On the other hand, there are Republicans who do not feel the need to wipe themselves off from the bloody shirt. Ted Cruz and Josh Hawley will not separate at all from the insurrectionists while claiming that all they want to do is create healing. Lindsay Graham also wants healing, though he acknowledges that there was an insurrection, and Kevin McCarthy, the Republican leader in the House, wavered for a bit, thinking the insurrection was bad, and now is in denial of whether there was anything to it. He and many other Republican Congresspeople will deny it ever happened even if many were voting to overturn a legitimate election. They will push through by denying any embarrassment. So there is no need for an inquest or a truth and reconciliation commission because it never happened. They think that denial will set you free, not even offering a sign that you have now come right again. By that light, McConnell is a patriot and an upstanding man.
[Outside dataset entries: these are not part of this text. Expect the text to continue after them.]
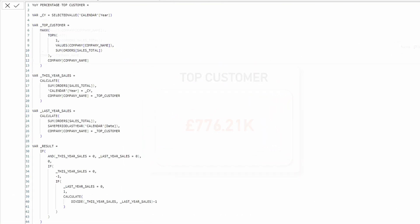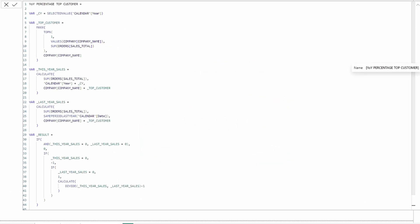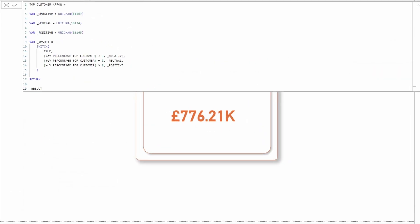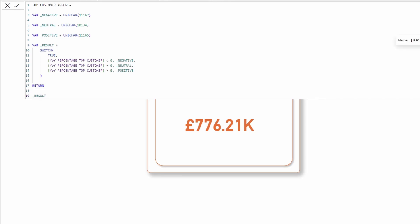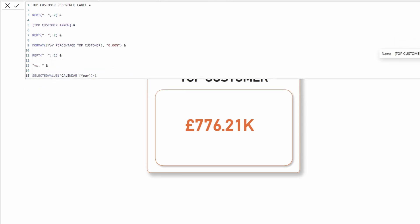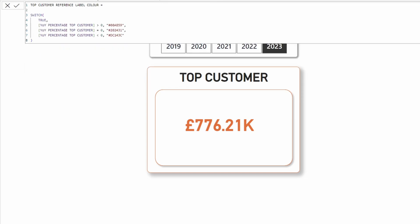The top customer's name, the year-over-year percentage, a dynamic measure that visually displays the growth trend, a comprehensive reference label combining the trend arrow and the year-over-year percentage, and finally, a measure that dynamically adjusts the color based on the year-over-year growth. And these are the exact measures I've used in that video.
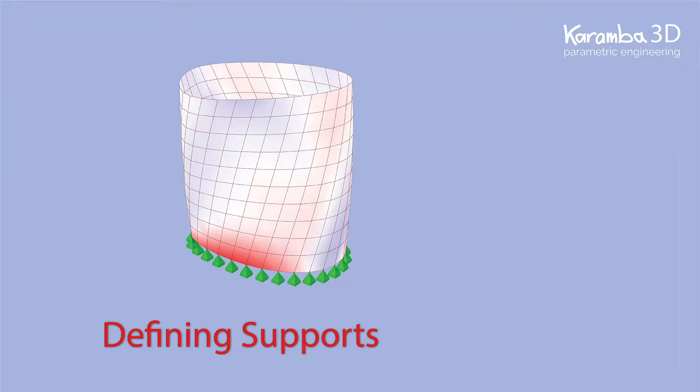Hi everyone. Today I'm going to walk you through four methods for defining supports for Karamba 3D models.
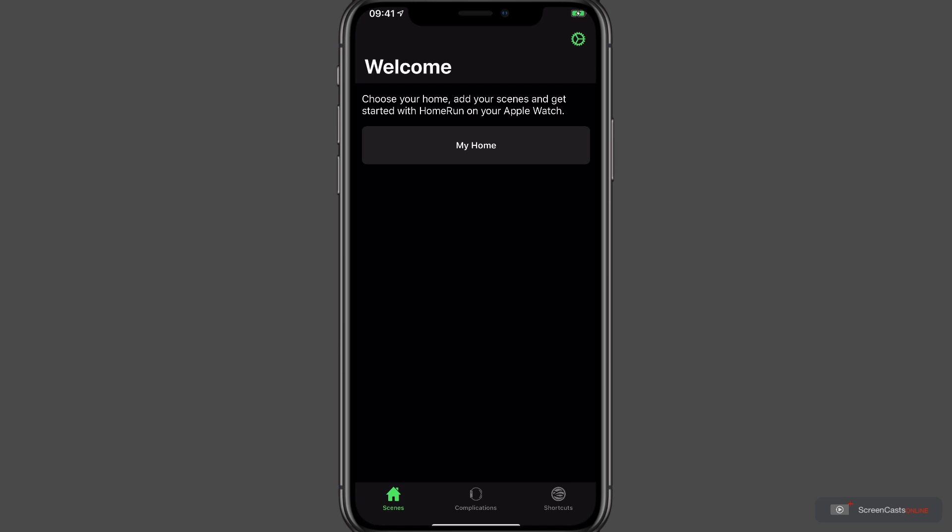which will get us started with the application. Now the first task is to choose our home. Now I only have one that I can access, so I'll tap My Home.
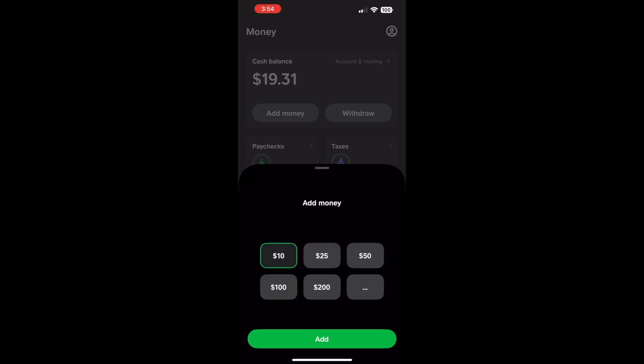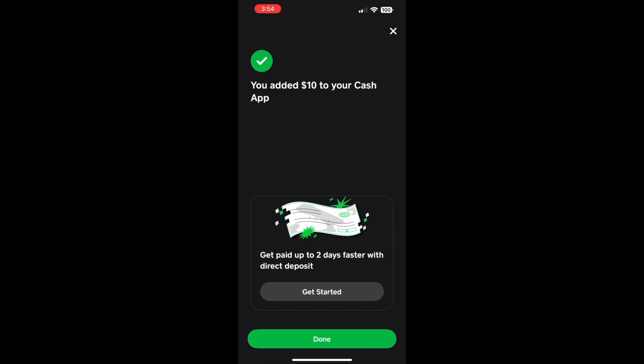Next, tap the green Add button. It doesn't take long to transfer money from a debit card — it happens instantly. Congrats! You've just added $10 to your Cash App balance.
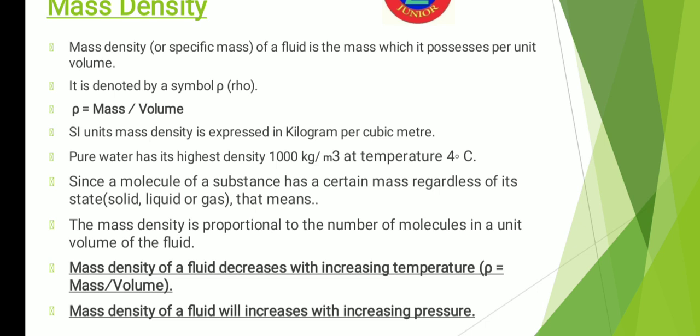That means if you increase the temperature, your mass density will decrease. Now let us see the relation with pressure. You know that by application of pressure, a large number of molecules can be forced into a given volume. So if you are increasing pressure, a large number of molecules can be forced into a given volume, meaning mass density of a fluid will increase with increasing pressure. So these are the two important concepts: increasing temperature decreases mass density, and increasing pressure increases mass density.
Nor can Democrats do anything other than the trial in the Senate to upright the balance so that Republicans are part of the loyal opposition rather than just the opposition. Senators have in many times been so outlandish and divisive, such as was the case with the pact whereby Southern Demicratic Senators, from Strom Thurmond to William Fulbright, signed a pledge that segregation would go on forever, to think that Democrats will ostracize Republicans for not even now swearing allegiance to the nation by voting to convict Trump. It is up to the Republicans to do it and Joe Biden knows them well enough that he has finessed the issue, leaving it to Congress, rather than using up any political energy to think that the republicans will address their wrong.

The fragmentation of Republicans between insurrectionist deniers, insurrectionist supporters, and those Republicans making amends, makes the trial in the Senate all the more important because it may clarify issues sufficiently so that sufficient Republicans may decide to turn away from Trump so as to restore some measure of political comity in America. They will turn the corner of the easy expedient of denouncing Trump even if they had supported his insurrectionary aches. The trouble is, however, that they do not have shame or even expediency as their resources. What Hillary Clinton said about some voters is also true of most of the Republican Congressional caucus as well as their Senatorial cucus: they are deplorable and irredeemable. There is a deep anti-democratic flaw in their politics. I said years ago and it still stands that every Republican President including and since Nixon (with the exception of Gerald Ford) was subject to impeachment. Reagan had traded hostages for oil and used the money to fund the contras, which was contrary to the Boland Amendment that had prohibited funds to do so and so was a clear infringement on the constitutional issue that all monies spent by the government had to be levied through Congress. This is fundamental to the balance between Congress and the Executive, not a trivial matter. George H. W. Bush knew about what was happening and just said he was out of the room when it was discussed. George W. Bush may indeed not have tracked very well that Vice President Chaney was engaged in overt lies to give the nation an excuse to invade Iraq, and both should have been responsible for that. And Trump, of course, instigated the assault on the Capitol. On the other hand, the impeachment of Clinton was payback for the Watergate investigation. It did not rise to a serious crime against the nation. So Republicans will make frivolous impeachments against Democratic Presidents while Democrats forebear to move to impeach Republicans except for the most serious of reasons. Something has to happen through some civil war among the Republicans so that what remains can be a responsible party capable of governing.